Berkedok Karaoke, New Permata Indah di Nagoya Tempat Eksploitasi Perempuan
Oleh : Gokli
Kamis | 17-08-2017 | 15:38 WIB
tppo-00.gif
Dua terdakwa Tindak Pidana Perdagangan Orang usai menjalani pemeriksaan di PN Batam. (Foto: Gokli)

BATAMTODAY.COM, Batam - New Permata Indah di Windsor Foodcourt, bilangan Nagoya, yang selama ini dikenal orang sebagai tempat karaoke, ternyata hanya sebagai tameng. Ternyata, fokus bisnisnya mengekspoitasi perempuan pemuas nafsu pria hidung belang.

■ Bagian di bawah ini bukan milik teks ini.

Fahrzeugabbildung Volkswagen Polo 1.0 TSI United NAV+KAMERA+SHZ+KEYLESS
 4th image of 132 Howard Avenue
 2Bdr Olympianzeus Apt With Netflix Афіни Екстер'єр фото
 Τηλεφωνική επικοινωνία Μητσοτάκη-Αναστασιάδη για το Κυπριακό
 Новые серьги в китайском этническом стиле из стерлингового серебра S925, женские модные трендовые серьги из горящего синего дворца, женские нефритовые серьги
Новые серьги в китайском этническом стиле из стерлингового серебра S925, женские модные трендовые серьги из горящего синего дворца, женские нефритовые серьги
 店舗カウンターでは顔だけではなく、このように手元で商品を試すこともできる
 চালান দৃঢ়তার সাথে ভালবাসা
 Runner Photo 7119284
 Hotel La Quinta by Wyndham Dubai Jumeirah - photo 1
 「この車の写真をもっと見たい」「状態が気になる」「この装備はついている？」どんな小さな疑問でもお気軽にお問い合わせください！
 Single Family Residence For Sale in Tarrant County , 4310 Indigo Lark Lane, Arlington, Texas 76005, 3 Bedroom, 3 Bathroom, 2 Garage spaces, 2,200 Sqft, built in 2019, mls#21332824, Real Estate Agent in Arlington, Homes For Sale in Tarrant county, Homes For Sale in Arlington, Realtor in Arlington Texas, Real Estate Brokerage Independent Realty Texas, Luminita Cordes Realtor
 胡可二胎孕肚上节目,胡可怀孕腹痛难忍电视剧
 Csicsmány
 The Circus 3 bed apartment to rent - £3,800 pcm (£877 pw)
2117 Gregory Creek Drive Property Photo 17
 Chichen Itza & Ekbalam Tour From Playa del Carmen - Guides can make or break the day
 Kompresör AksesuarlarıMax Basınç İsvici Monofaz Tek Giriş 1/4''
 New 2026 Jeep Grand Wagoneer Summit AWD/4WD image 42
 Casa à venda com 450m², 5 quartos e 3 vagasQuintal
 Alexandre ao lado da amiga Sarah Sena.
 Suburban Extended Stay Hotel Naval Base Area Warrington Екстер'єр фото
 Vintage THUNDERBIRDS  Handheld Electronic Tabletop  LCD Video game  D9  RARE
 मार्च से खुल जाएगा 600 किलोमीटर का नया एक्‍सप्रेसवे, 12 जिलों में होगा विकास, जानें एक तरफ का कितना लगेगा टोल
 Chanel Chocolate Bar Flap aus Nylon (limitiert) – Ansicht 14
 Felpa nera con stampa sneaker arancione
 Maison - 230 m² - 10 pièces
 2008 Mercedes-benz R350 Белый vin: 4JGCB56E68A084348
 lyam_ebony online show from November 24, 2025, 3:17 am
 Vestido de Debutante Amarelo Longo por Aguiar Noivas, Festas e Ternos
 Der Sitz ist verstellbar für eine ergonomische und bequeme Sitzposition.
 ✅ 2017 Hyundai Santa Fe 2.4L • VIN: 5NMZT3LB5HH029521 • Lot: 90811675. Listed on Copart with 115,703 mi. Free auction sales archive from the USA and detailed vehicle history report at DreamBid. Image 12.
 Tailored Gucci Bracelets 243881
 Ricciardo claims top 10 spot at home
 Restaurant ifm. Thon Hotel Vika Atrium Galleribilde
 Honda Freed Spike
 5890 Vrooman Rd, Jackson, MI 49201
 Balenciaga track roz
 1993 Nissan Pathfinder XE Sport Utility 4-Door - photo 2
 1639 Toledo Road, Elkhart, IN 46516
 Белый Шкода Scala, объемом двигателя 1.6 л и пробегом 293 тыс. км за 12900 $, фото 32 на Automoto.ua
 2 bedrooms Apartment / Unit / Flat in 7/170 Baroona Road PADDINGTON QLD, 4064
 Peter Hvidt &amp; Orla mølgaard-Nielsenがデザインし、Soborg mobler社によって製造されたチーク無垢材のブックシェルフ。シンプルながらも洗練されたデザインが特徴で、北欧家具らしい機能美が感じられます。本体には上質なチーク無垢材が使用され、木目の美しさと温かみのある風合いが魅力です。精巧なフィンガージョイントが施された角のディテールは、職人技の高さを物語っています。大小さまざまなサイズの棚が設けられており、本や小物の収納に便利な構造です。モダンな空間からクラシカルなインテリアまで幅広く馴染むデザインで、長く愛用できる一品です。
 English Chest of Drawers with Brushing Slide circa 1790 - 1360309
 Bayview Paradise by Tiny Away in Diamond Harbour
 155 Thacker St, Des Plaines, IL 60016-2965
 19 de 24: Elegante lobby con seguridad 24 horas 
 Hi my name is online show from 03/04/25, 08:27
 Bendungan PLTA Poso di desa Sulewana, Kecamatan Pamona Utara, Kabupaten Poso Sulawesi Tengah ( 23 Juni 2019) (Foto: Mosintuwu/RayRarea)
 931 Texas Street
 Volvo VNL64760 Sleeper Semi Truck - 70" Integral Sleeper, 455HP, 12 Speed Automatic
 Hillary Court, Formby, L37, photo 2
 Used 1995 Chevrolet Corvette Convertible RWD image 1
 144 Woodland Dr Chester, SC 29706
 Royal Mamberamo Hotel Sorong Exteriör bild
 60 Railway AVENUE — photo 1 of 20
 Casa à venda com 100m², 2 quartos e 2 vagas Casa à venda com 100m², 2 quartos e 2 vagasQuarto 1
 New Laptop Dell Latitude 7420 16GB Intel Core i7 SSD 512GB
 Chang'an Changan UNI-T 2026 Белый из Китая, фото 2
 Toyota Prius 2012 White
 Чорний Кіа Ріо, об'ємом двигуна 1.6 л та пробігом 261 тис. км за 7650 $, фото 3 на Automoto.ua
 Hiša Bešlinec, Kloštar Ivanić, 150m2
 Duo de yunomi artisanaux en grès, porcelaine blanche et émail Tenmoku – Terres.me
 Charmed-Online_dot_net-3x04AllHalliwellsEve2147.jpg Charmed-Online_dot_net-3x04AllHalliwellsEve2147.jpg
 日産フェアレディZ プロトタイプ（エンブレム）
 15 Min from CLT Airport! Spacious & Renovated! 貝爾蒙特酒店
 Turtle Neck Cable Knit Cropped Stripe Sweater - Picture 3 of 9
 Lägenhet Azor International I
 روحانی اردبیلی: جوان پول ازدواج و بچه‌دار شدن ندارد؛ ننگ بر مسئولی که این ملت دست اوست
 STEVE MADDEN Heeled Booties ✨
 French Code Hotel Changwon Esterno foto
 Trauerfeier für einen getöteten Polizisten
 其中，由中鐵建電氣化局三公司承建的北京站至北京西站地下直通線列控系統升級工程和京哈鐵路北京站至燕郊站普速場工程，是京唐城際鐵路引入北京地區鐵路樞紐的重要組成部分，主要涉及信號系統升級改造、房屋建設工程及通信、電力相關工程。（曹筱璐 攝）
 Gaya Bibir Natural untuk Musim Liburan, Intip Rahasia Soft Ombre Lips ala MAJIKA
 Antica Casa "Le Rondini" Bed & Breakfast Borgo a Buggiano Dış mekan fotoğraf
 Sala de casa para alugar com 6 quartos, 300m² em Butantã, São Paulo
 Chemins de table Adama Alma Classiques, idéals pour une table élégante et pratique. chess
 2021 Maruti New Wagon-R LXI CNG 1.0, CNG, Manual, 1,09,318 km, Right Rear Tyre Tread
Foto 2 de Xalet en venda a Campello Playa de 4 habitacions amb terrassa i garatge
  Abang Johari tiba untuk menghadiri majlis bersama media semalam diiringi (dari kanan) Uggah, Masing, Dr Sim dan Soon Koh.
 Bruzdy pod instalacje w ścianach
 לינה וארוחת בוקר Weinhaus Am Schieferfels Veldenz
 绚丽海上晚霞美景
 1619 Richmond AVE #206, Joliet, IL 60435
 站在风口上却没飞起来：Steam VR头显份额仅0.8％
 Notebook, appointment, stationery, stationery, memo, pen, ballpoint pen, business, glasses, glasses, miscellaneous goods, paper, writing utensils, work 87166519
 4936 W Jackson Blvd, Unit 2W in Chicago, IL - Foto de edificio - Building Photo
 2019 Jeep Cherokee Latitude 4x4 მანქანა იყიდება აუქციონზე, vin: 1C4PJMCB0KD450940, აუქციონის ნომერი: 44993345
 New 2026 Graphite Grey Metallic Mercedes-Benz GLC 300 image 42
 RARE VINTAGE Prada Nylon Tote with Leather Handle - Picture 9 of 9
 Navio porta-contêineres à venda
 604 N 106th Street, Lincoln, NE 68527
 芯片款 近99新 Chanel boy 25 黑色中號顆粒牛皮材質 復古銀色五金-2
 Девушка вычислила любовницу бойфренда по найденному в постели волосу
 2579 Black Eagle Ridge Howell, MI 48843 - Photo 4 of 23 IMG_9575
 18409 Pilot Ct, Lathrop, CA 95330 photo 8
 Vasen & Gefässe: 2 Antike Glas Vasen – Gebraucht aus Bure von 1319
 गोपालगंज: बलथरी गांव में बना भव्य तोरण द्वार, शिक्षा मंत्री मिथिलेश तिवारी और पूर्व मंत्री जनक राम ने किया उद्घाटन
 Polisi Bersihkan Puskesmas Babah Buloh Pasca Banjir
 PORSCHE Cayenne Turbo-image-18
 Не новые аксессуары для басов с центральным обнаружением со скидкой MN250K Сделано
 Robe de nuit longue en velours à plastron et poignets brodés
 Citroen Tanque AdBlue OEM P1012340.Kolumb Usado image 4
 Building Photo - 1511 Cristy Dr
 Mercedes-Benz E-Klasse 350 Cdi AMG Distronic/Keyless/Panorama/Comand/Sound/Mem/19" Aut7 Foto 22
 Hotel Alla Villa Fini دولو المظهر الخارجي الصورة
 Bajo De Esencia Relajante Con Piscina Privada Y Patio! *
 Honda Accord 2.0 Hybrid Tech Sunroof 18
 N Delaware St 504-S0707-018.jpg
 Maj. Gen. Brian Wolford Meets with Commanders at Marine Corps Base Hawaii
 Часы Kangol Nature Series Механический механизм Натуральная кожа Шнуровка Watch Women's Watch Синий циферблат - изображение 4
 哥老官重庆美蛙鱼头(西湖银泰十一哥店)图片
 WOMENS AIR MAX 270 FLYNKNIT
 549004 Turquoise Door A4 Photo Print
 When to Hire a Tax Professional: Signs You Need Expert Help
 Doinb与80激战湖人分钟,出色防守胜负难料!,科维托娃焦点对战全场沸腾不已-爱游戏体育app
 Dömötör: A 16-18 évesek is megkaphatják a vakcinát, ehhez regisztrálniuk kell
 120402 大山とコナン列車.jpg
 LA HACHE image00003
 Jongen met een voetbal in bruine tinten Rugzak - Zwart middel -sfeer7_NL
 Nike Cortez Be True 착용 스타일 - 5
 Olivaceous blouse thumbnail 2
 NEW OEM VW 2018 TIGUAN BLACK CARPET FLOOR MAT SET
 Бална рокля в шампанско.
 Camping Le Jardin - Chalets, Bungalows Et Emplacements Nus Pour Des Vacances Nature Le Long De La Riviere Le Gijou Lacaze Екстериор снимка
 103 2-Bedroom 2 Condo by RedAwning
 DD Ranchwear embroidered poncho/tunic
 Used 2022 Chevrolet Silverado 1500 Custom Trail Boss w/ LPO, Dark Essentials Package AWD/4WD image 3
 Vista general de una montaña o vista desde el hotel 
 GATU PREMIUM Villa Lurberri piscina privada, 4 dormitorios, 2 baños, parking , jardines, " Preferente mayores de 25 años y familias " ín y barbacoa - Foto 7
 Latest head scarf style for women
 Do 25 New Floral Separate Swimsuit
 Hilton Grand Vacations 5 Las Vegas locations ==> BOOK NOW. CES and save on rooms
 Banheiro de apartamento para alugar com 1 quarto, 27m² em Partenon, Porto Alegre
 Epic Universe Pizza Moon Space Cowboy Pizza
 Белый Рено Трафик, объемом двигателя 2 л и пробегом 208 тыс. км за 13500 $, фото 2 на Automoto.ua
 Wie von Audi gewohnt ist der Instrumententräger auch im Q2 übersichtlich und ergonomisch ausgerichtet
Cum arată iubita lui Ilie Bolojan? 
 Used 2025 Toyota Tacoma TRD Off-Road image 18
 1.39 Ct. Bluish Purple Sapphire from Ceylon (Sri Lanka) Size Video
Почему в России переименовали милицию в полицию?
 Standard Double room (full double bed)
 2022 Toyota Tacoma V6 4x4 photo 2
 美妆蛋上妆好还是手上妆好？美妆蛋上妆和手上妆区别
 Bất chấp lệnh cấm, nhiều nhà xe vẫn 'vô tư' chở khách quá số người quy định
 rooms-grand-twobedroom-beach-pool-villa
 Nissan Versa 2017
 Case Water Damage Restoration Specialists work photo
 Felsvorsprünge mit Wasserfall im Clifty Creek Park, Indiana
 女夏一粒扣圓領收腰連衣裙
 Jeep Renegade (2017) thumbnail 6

Hal ini terungkap di persidangan, saat majelis hakim Pengadilan Negeri (PN) Batam memeriksa dua terdakwa, yakni Ade Fransiska alias Ucok dan Jhony alias Atek, yang dijerat dengan UU Tindak Pidana Perdagangan Orang.

Kedua terdakwa mengaku hanya sebagai karyawan yang dipekerjakan pemilik Akeng (DPO). Ade Fransiska alias Ucok sebagai kasir, yang membukukan berapa kali para wanita yang mereka pekerjakan melayani pria hidung belang, sedangkan Jhony alias Atek, sebagai papi (nama beken germo).

Jhony berujar, bekerja di tempat karoke itu baru sekitar tiga bulan. Ia berperan mengatur waktu bookingan sekitar 30 wanita di tempat itu.

Sementara Ade mengatakan, ia mencatat dan menerima uang hasil bookingan para wanita yang mereka ekploitasi.

"Uang hasil bokingan dibagi dua. 50 persen untuk wanita yang dibooking dan 50 persen untuk pemasukan bos (Akeng)," kata dia, Rabu (16/8/2017).

Uang hasil bookingan itu, sambung Ade, diserahkan kepada PSK itu per bulannya. Rata-rata para PSK itu dibooking untuk short time sebesar Rp500-600 ribu, sedangkan long time sebesar Rp1 juta.

"Di tempat itu (New Permata Indah) ada 25-30 wanita yang bisa dibooking dan ada juga yang tidak bisa. Kalau yang tidak bisa dibooking khusus melayani tamu untuk memandu lagi karoke aja," jelasnya.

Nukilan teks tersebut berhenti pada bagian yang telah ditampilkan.